Rectification for Decision Trees
Further information on the rectification method for Decision Trees is available in the paper Rectifying Binary Classifiers.
Example from a Hand-Crafted Tree
To illustrate this, we take an example of a credit scoring scenario.
Each customer is characterized by:
- an annual income $I$ (in k\$),
- the fact of having already reimbursed a previous loan ($R$),
- and, whether or not, the customer has a permanent position ($PP$).
A decision tree T representing the model is described in the following figure. The Boolean conditions used in $T$ are $I > 30$, $I > 20$, $R$, and $PP$.
We start by building the decision tree:
from pyxai import Builder, Explainer
node_L_1 = Builder.DecisionNode(3, operator=Builder.EQ, threshold=1, left=0, right=1)
node_L_2 = Builder.DecisionNode(1, operator=Builder.GT, threshold=20, left=0, right=node_L_1)
node_R_1 = Builder.DecisionNode(3, operator=Builder.EQ, threshold=1, left=0, right=1)
node_R_2 = Builder.DecisionNode(2, operator=Builder.EQ, threshold=1, left=node_R_1, right=1)
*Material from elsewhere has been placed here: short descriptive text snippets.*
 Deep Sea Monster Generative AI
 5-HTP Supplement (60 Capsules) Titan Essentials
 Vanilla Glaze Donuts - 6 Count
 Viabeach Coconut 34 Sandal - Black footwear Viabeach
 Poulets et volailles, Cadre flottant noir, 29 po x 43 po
root = Builder.DecisionNode(1, operator=Builder.GT, threshold=30, left=node_L_2, right=node_R_2)
tree = Builder.DecisionTree(3, root, feature_names=["I", "PP", "R"])
Consider the instance $x = (I = 25, R = 1, PP = 1)$ corresponding to a customer applying for a loan. We initialize the explainer with this instance and the associated theory (see the Theories page for more information).
loan_types = {
"numerical": ["I"],
"binary": ["PP", "R"],
}
explainer = Explainer.initialize(tree, instance=(25, 1, 1), features_type=loan_types)
print("binary representation: ", explainer.binary_representation)
print("target_prediction:", explainer.target_prediction)
print("to_features:", explainer.to_features(explainer.binary_representation, eliminate_redundant_features=False))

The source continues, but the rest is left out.